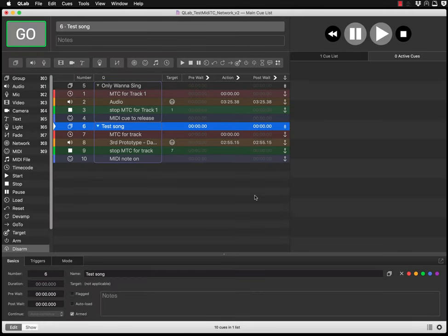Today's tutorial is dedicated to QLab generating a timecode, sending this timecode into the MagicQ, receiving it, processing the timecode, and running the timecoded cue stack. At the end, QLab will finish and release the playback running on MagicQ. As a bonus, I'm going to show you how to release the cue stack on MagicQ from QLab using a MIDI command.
-*-
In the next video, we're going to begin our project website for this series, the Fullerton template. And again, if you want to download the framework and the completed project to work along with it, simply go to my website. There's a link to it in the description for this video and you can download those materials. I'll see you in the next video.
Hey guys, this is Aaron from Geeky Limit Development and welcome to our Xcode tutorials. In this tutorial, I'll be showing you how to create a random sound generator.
-*-
* _Work task_
Please copy, exactly and with nothing else, the lines above beginning at the line that has "In the next video, we're" and ending with the line that has "Hey guys, this".

* _Your solution_
In the next video, we're going to begin our project website for this series, the Fullerton template. And again, if you want to download the framework and the completed project to work along with it, simply go to my website. There's a link to it in the description for this video and you can download those materials. I'll see you in the next video.
Hey guys, this is Aaron from Geeky Limit Development and welcome to our Xcode tutorials. In this tutorial, I'll be showing you how to create a random sound generator.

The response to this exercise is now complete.